▶ _Task details_: Every record should be restated exactly, with no images included.

▶ _Records_:
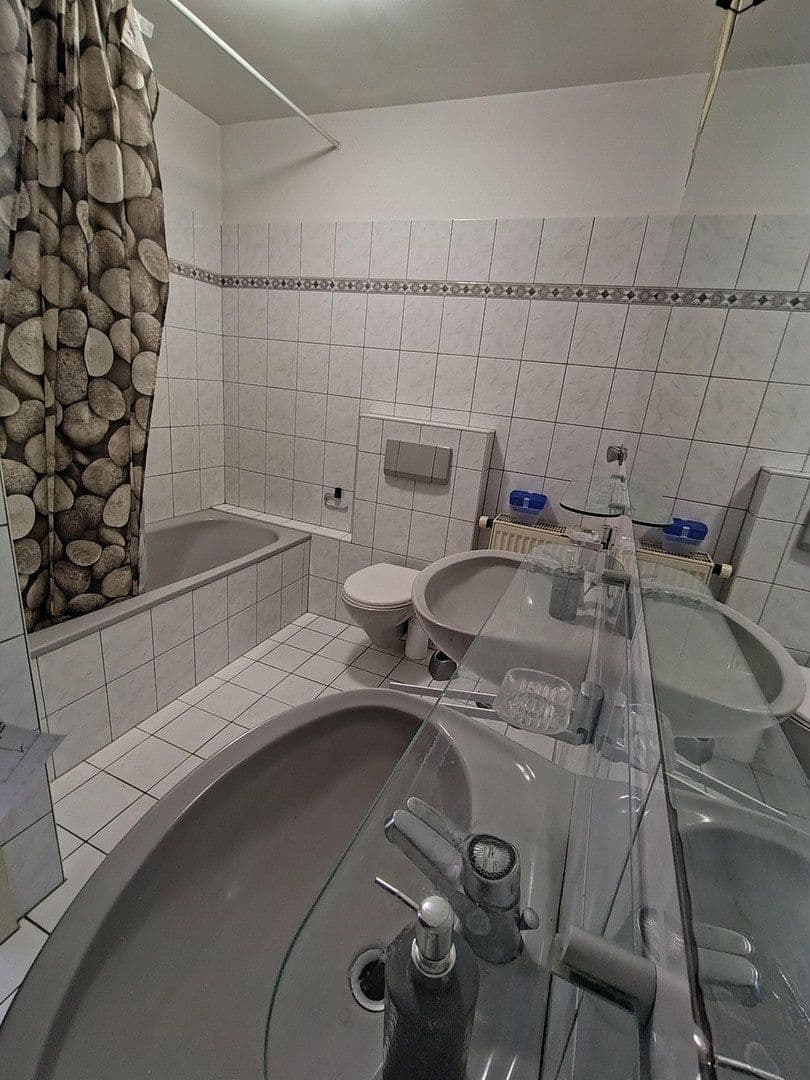 2 bedroom with open-plan kitchen flat to rent, 92 m², Im Hohlweg 36, Sulzbach (Taunus), Hesse 2 bedroom with open-plan kitchen flat to rent, 92 m², Im Hohlweg 36, Sulzbach (Taunus), Hesse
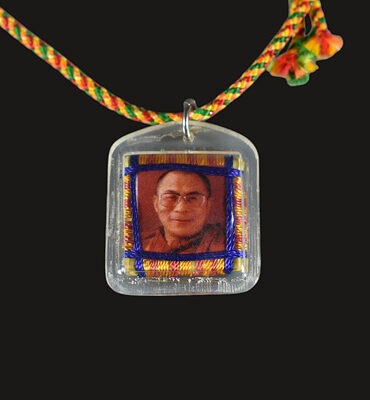amulette tibétaine shungkhor ss 14eme dalai lama
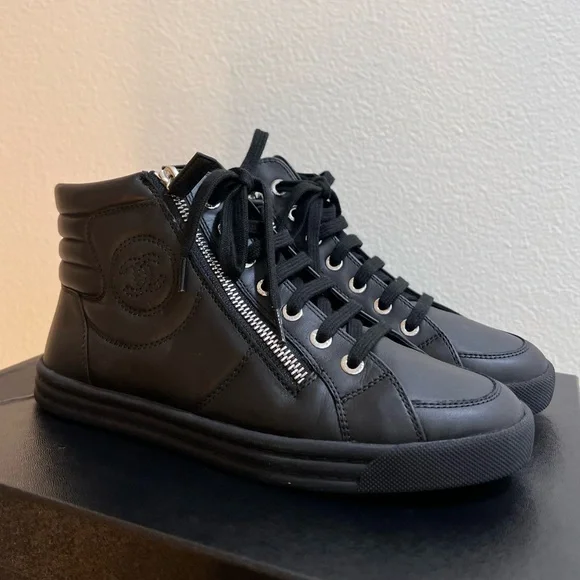 靴 CHANEL 36 1/2 CHANEL | Shoes | Chanel Sneakers Sz 36 2 | Poshmark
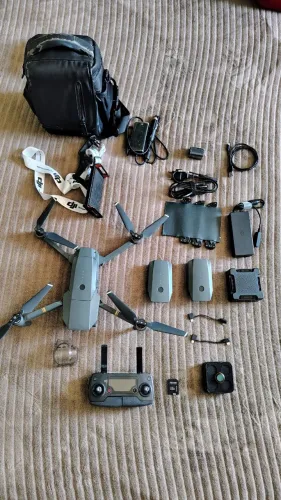 Drone DJI Mavic Pro com diversos acessórios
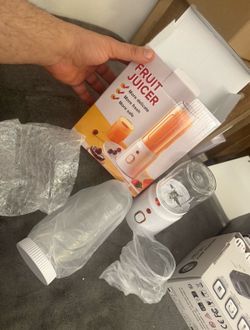 Portable Blender juicer  - Stainless Steel Blades - Portable Blender For Smoothies - Fruit & Vegetable Juicer - Ideal for Travel, Sports, and Kitchen 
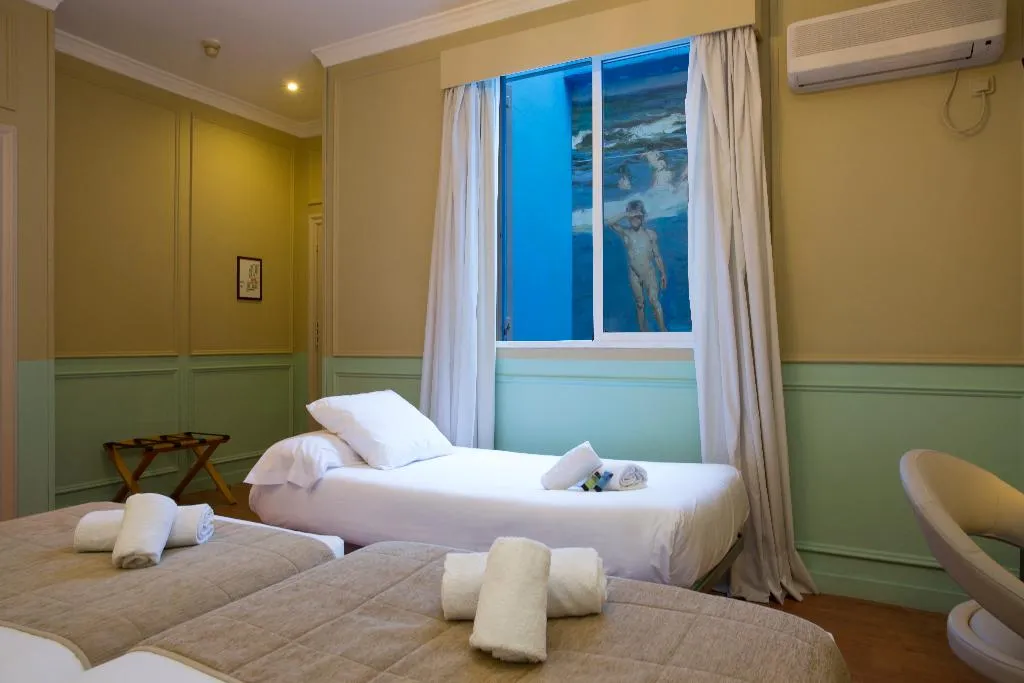 TRIPLE STANDARD Room, Hotel Olympia Cónsul del Mar, Valencia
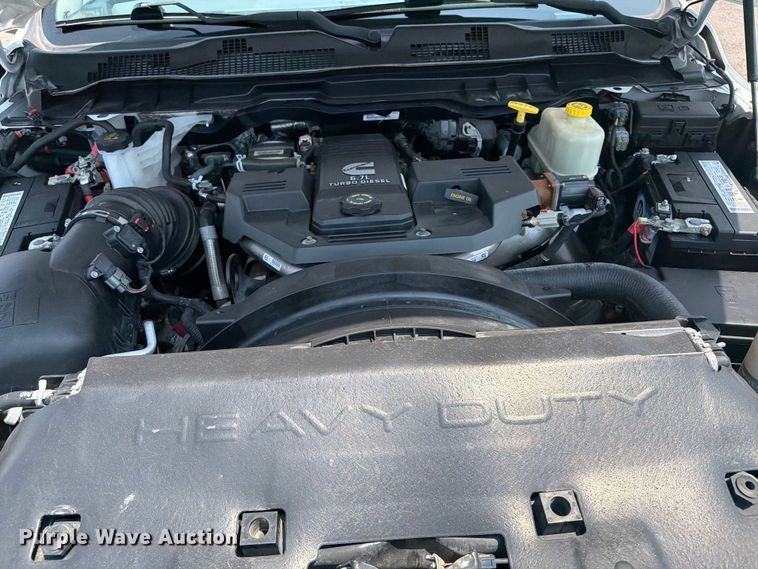 image for item FB5011 2016 RAM 4500 Crew Cab utility / service truck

▶ _Written solution_:
 2 bedroom with open-plan kitchen flat to rent, 92 m², Im Hohlweg 36, Sulzbach (Taunus), Hesse 2 bedroom with open-plan kitchen flat to rent, 92 m², Im Hohlweg 36, Sulzbach (Taunus), Hesse
amulette tibétaine shungkhor ss 14eme dalai lama
 靴 CHANEL 36 1/2 CHANEL | Shoes | Chanel Sneakers Sz 36 2 | Poshmark
 Drone DJI Mavic Pro com diversos acessórios
 Portable Blender juicer  - Stainless Steel Blades - Portable Blender For Smoothies - Fruit & Vegetable Juicer - Ideal for Travel, Sports, and Kitchen 
 TRIPLE STANDARD Room, Hotel Olympia Cónsul del Mar, Valencia
 image for item FB5011 2016 RAM 4500 Crew Cab utility / service truck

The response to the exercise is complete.